Re: analyze causes query planner to choose suboptimal plan for aselect query in separate transaction - Mailing list pgsql-general

From Martin Kováčik
Subject Re: analyze causes query planner to choose suboptimal plan for aselect query in separate transaction
Date
Msg-id CABp97hP+m6NQwr=4u=AH2baRn--LVCAWA9b+Ybu=zigcOGMBXg@mail.gmail.com
Whole thread Raw
In response to Re: analyze causes query planner to choose suboptimal plan for a select query in separate transaction  (Tom Lane <tgl@sss.pgh.pa.us>)
List pgsql-general
Thanks Tom,

that is a great explanation. The default plan, which overestimates number of rows is much better than the plan (which is based on wrong stats) that underestimates it. This is true for my particular case but may be bad for other cases.

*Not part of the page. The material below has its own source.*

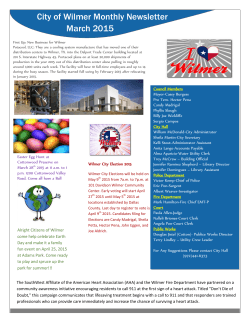 City of Wilmer Monthly Newsletter March 2015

The schema is created before the tests begin so the suggestion to create required tables inside a transaction isn't feasible for my case. For the build server I'm going with Michael's suggestion to disable autovacuum. Instead I'll do manual vacuuming/analyzing before build starts.

For the production use case I'll do my own analyze after bulk insert as you suggested.

Initially I thought that inside a transaction stats are automatically updated after the inserts because the query ran much faster than the query which was based on statistics with no rows. I did not realize the planner chooses a "default" plan when there are no stats.

Martin Kováčik
CEO
redByte, s.r.o.
+421 904 236 791
kovacik@redbyte.eu, www.redbyte.eu


On Thu, Apr 25, 2019 at 9:46 PM Tom Lane <tgl@sss.pgh.pa.us> wrote:
Martin Kováčik <kovacik@redbyte.eu> writes:
> To illustrate my situation let's consider my tests look like this:

> BEGIN;

> -- A: insert data for the test

> -- B: i'll refer to this point later

> -- C: select(s)

> ROLLBACK;

> Everything is fine, until autovacuum (analyze) runs when the test is at
> point B. After that the query planner at point C chooses wrong plan and the
> query takes a long time to complete, blocking one CPU core for a long time.
> It seems like the planner statistics inside running transaction are
> affected by analyze task running outside of the transaction.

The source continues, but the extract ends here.